Dharma Pinem, sitting relaxed enjoying a cup of coffee, when we met him in Timbang Lawan Village, Langkat Regency, North Sumatra.
This man is special. Since 2015, together with some of his friends he has founded the Bahorok Hijau Community. The idea started with the unrest of the community, who planted oil palm but did not make a profit.
“When you look at its history, Langkat Regency during the Dutch era only planted cocoa, vanilla and tobacco. After independence planted rice. Over time, the current price for palm oil is not profitable,” said the man whose hair was starting to turn gray.
The 2013 flash floods, the beginning of the problem. The community’s paddy fields became unproductive, because the irrigation damaged by the disaster has not been repaired, even now. This condition made them try their luck growing oil palm.
What’s more, at that time there was a lot of seed assistance provided by the government and the price of the fruit could also be relied upon.
“I don’t know the name of the program. Now just look, the trees are not maintained,” he explained, early December 2022.
According to Dharma, managing oil palm trees requires a lot of capital and intensive care. Meanwhile, farmers’ income does not match expenses. In addition, oil palm is not environmentally friendly, because the land that has been planted with this type must be cultivated again so that it is loose. Palm oil also cannot be used as a fortress to hold back water in the event of a flood.
These conditions prompted Dharma to form the Green Bahorok Community. Changes in people’s perspectives and the importance of protecting the environment are the main reasons for forming communities. Moreover, Weigh Opponents are near the Gunung Leuser National Park (TNGL).
Dharma and his community took the initiative to plant fruit trees around the forest to the GLNP border. There are various types, there are durian, jengkol, mangosteen, petai, mango, and duku. They collectively buy the seeds and are committed to caring for them.
“After three months, new seeds can be planted. Regarding the results, it will be divided equally or sold,” he explained.
The fruit of the plant is also given to wild animals such as monkeys, orangutans, squirrels, birds and civets. Not just for society.
“Wildlife is an environmental link that must be considered. The forest is now starting to decrease, that’s why we provide a source of food so that they are comfortable in their habitat.”
This community also invites farmers who still grow oil palm to switch to fruit trees. They help with seedlings and their care. The farmers who were invited, only prepared the land without the need to spend capital.
“The fruit belongs to the farmer, may be sold. Our message is that if a wild animal eats fruit, don’t kill it, just let it be,” said Dharma.
The corona pandemic that hit, made Dharma and her community look for ways to keep the community’s economy running. They open tourist village businesses such as lodging, villa rentals, and tents for visitors who want to camp.
“Since the pandemic, many residents have lacked income, so we think that self -funding is no longer possible . We decided to seek funding for the community program to continue,” he explained.
Of the tourism village income, ten percent is allocated to the community treasury.
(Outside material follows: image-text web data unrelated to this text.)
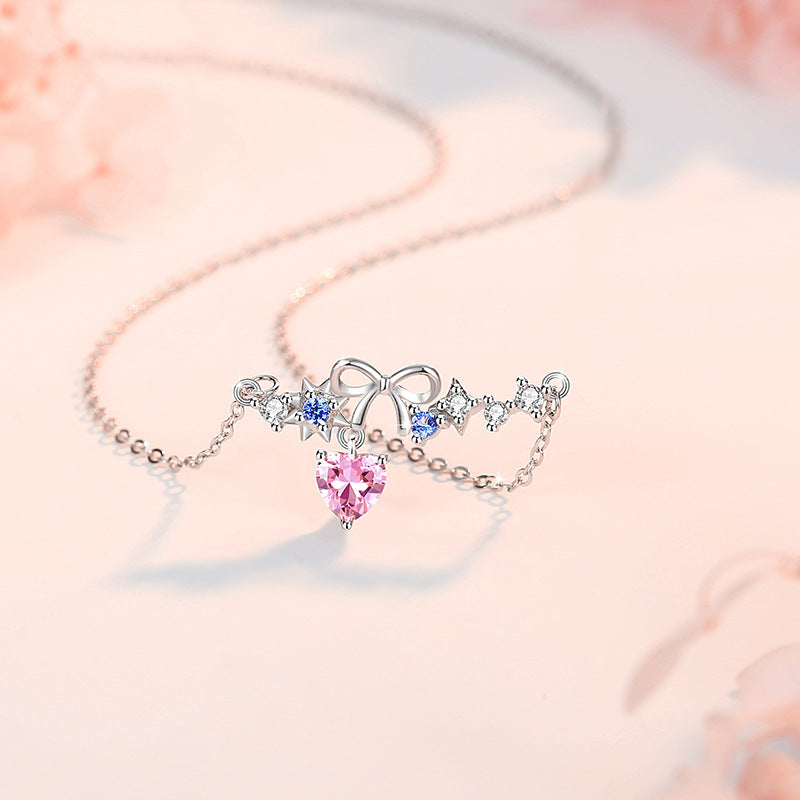 Sterling Silver Star and Bow Necklace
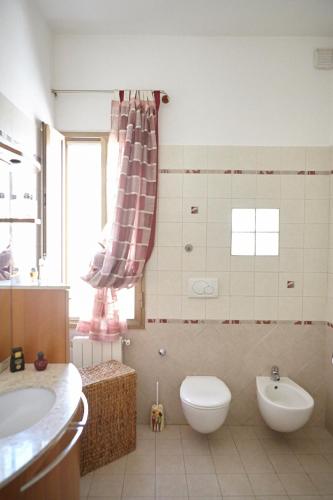 a bathroom with a toilet and a sink at Baciata Dal Sole Home in Monopoli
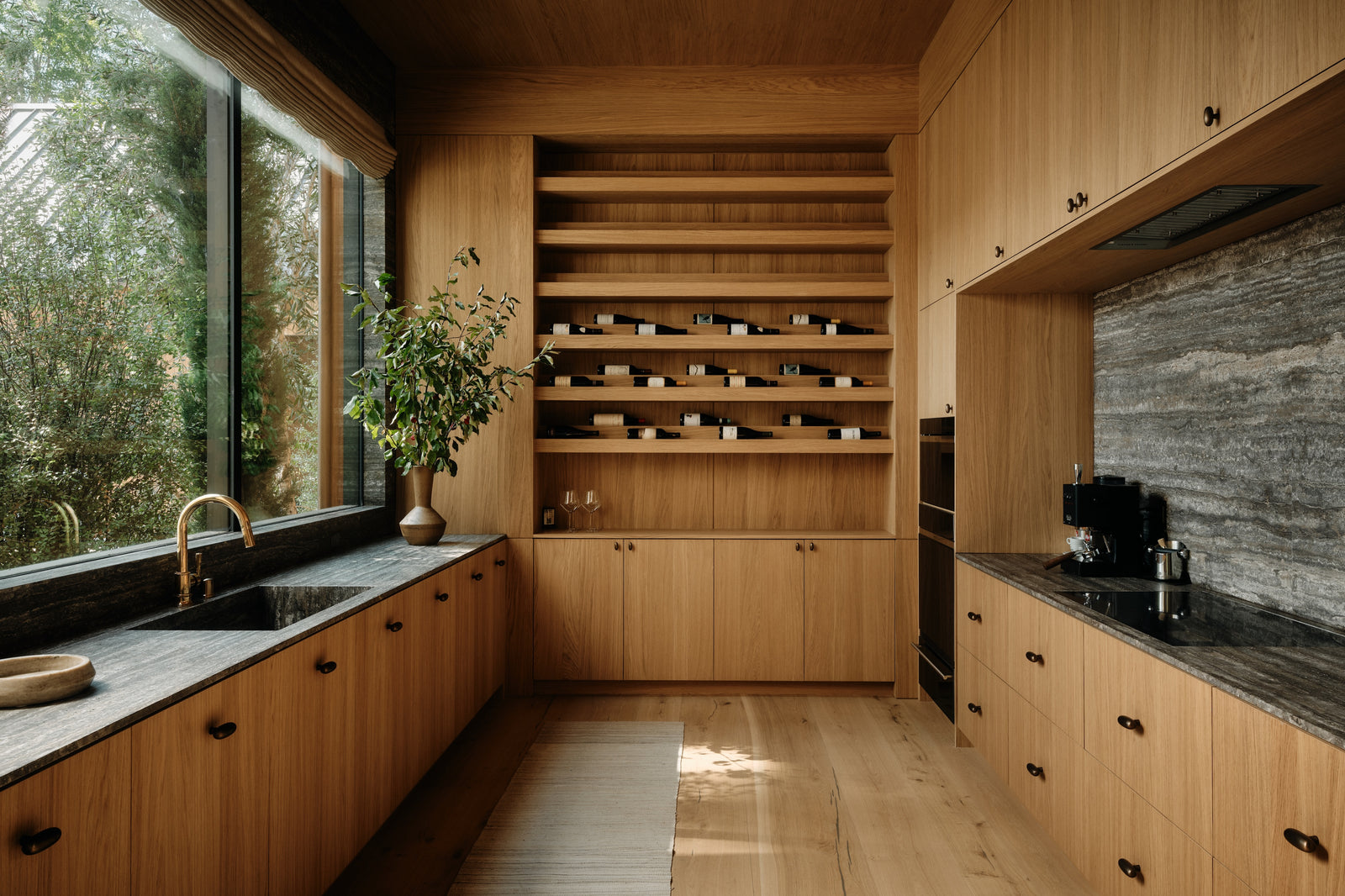 Custom oak cabinetry and wine rack display the warmth and precision of MADERA wood surfaces in this sophisticated kitchen design.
The Bahorok community also works closely with the Nuraga Bumi Institute, an environmental and education community for women and children, which is also in Langkat.
Every child studying at Nuraga Bumi Institute does not need to pay tuition fees, they are only required to provide tree seeds and fruit every month. They can plant directly in the forest, together with the Green Bahorok Community.
The young move
Ramadhani, a Timbang Lawan youth who has been active in the Bahorok Hijau Community since 2018, is proud to be able to preserve the environment.
“There is no salary system, only pocket money. Usually given per working day. The children here are also invited by their parents to plant trees,” he explained.
Everyone has a role in planting. Some clear the land, some make holes, some cut bamboo or wood, and some monitor tree growth.
“One land, the number can be 100-500 trees. It depends on the condition of the area.”
Currently, the total area planted with trees is 215 hectares, spread over 15 points.
Selvi, another young member of the community, said she was happy to join. He started to care about the environment and no longer asked his parents for money because he was paid for planting and harvesting.
“I was taught how to measure the diameter of a tree with a tool, along with its height and width. Like learning basic conservation,” he said.
Nurul Nayla Azmi, founder of the Nuraga Bumi Institute, hopes that more community groups will take the initiative to protect the environment. Communities are an important wall to protect forest areas because they live and live there.
“Their sources of livelihood, such as water and air, are obtained directly from the forest. They have local wisdom in protecting the environment,” he said.
Our ancestors also taught us to live in harmony with nature and tolerance for wild animals.
“We need to emphasize this value so that efforts to protect the environment can be carried out,” he explained.
Palbert Tunip, Head of Region 3 BBTNGL, said he was very pleased with the Bahorok Hijau Community. This group indirectly carries out conservation works such as clearing the GLNP boundaries, planting trees in the area and outside the GLNP, and is involved in handling human-wildlife conflicts.
“We often collaborate with them. Overall , the community whose chairman is Dharma Pinem has helped us a lot,” he concluded.